Jurgen Lehl, this wide-eyed first-timer may think, could be something like Asics or Olympus — local brands that disguise their Japaneseness behind a foreign- sounding moniker. And it almost is, having been launched and bankrolled by man-made-fiber and textile giant Asahi Kasei Corporation.

But Jurgen Lehl is also a very real person — a 64-year-old German, in fact, who has lived in Japan since 1971. With the help of those at Asahi Kasei and a number of "accidents" along the way, this quietly spoken gent with a passionate concern for environmental issues has become an eponymous presence in fashion circles nationwide.

The first "accident" in Lehl's career occurred in the early 1960s when, having left then-West Germany to avoid compulsory military service, he arrived in Paris. He was 18, had no university education, and was looking to make a start as a graphic designer. But things did not work out that way and, having been turned away by several magazines, he had no choice but to accept a job offer at a textile-design company — eventually becoming well enough known to be scouted by a firm in New York. His sojourn in the Big Apple was followed by a brief stint in Berkeley, California, and then an invitation from a friend to work in Hong Kong — but with one fateful stopover in Tokyo on the way.

It is tempting to suspect that Lehl's concerns with ecological sustainability are in part a reaction to his own past. Having walked into a job as an adviser on fabric design at Asahi Kasei on arrival in Japan, he found himself dealing mostly with man-made fabrics for use in industry. Not surprisingly, given his "green" outlook, that work only lasted a year.
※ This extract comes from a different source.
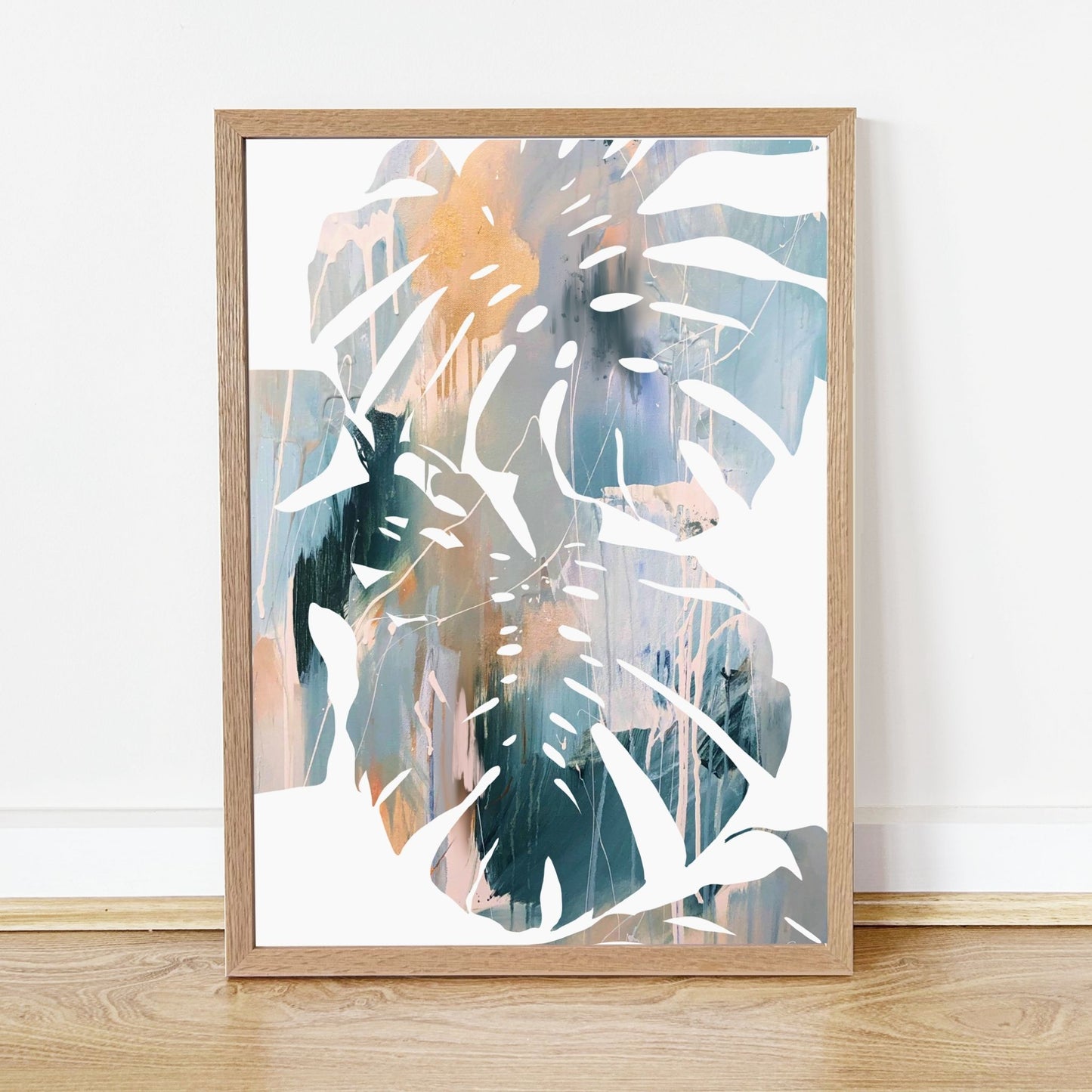 Framed abstract artwork with palm leaves on a white wall.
From the very outset, his Jurgen Lehl brand flaunted its ecological credentials with a series of jackets, blouses and pants for women and men with flowing, ethnic- inspired silhouettes and an earth-conscious palette of browns, beiges, creams and muted reds and greens. That work has now metamorphosed into his current passion — the spinoff label Babaghuri — all of whose products, ranging from homewares to clothes, are made using the most ecologically sound methods.

Jurgen Lehl sat down with The Japan Times early last month at his studio in Tokyo's Kiyosumi-Shirakawa district to discuss Babaghuri, his work and his life. He also revealed a second consuming passion: a small organic farm he has on the Okinawan island of Ishigakijima.
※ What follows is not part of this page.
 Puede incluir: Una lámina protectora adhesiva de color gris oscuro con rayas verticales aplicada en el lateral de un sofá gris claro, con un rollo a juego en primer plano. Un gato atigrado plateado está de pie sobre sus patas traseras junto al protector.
With the Babaghuri brand you are experimenting with clothes-making that

has minimal impact on the environment. What methods have you tried and have they succeeded?
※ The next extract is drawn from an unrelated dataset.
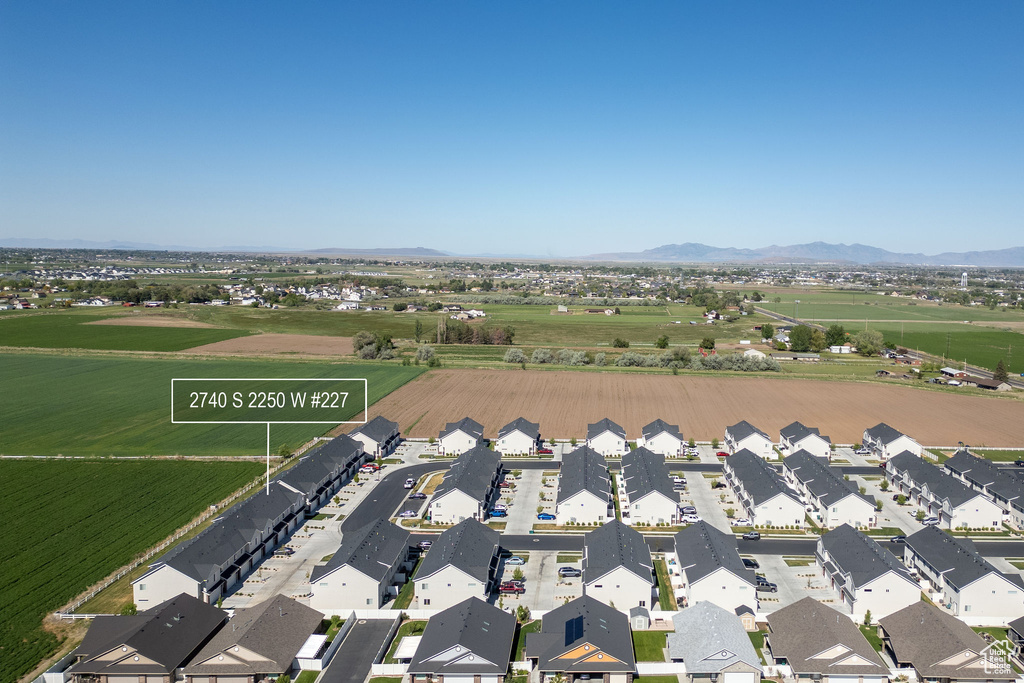 Aerial view of property and surrounding area with nearby suburban area and a mountain backdrop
Three years ago, I started the Babaghuri brand focusing on products for the home like furniture, tableware, sheets, towels and rugs. Clothing was only one part of the project. The basic ideas for the brand were to use renewable, natural or recycled materials, to use hand-spun yarn or handlooms for the textiles, to use natural dyes or the inherent colors of the materials themselves, and to ensure that all the products were biodegradable or would create no environmental problems when disposed of. I am now experimenting with chemical dyes that are biodegradable to get a wider range of colors, because the colors of the fast (permanent) natural dyes are limited.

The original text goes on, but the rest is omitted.